Despite the setback for Jordan’s debt relief, which has garnered widespread support in the Jewish community, Clinton scored high marks for his veto.
“The slashing of federal assistance to the poor and the near poor will injure or destroy programs that supply indispensable assistance to the most disadvantaged members of our society,” said Flora Perskie, chair of the American Jewish Congress’ Commission on National Affairs.
While “applauding” Clinton’s veto, Perskie said the bill “unfortunately” includes “much needed and much deserved” debt relief for Jordan.
Perskie urged Congress to find an appropriate mechanism to “immediately provide [Jordan] with the financial assistance it so desperately requires.”
Jordan’s $275 million in debt relief, which would forgive its remaining $490 million it owes the United State under the debt relief formula, has had a rocky road in Congress.
President Clinton promised the relief to King Hussein when the Jordanian leader made peace with Israel in October.
Republican leaders had initially opposed writing off the debt this year.
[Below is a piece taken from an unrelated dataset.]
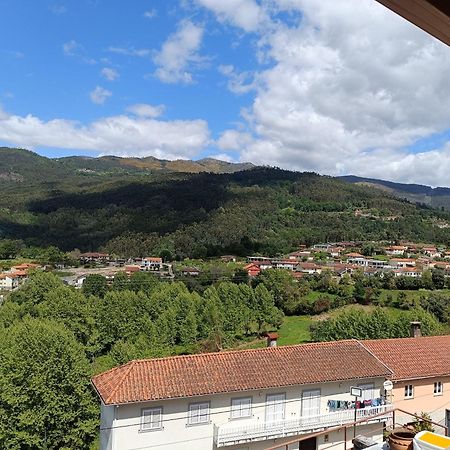 Casa Amarela Da Canicada ヴィエイラ・ド・ミーニョ エクステリア 写真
After pressure from the administration, Israel official and Jewish groups, Democrats and Republicans united to include the money in the so-called rescission bill.
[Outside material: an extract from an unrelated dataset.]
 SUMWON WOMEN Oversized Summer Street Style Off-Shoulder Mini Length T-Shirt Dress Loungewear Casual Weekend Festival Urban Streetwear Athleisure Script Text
In the end, relief fell victim to other Washington pressures when Clinton vetoed the bill.
Clinton has asked Congress to restore $1.4 billion cuts to education, crime prevention, environment, housing and job training programs. The additional spending would be offset by cuts to federal construction projects and governmental travel.
The bill cut $7 billion from the Department of Housing and Urban Development and slashed funds for nutrition programs for low-income children, eliminated energy assistance programs for low – income families and ended funding of summer youth employment programs.
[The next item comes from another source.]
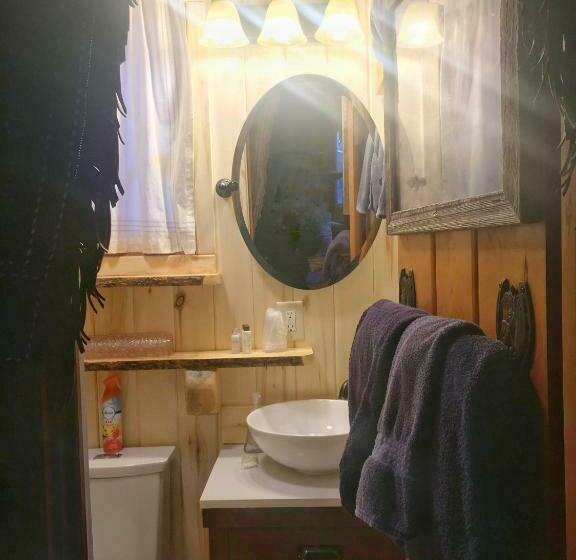 בקתה, Pine Haven Resort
Congressional leaders on both sides of the aisle have expressed support for Jordan’s debt relief.
If the rescissions bill is not amended and passed by Congress, congressional aides say, the money would most likely be attached to an appropriations bill this summer or fall.
Congressional Republicans have said they do not have two-thirds of the members of the House and Senate necessary to override the president’s veto.
Negotiations on a new bill are expected to begin later this month.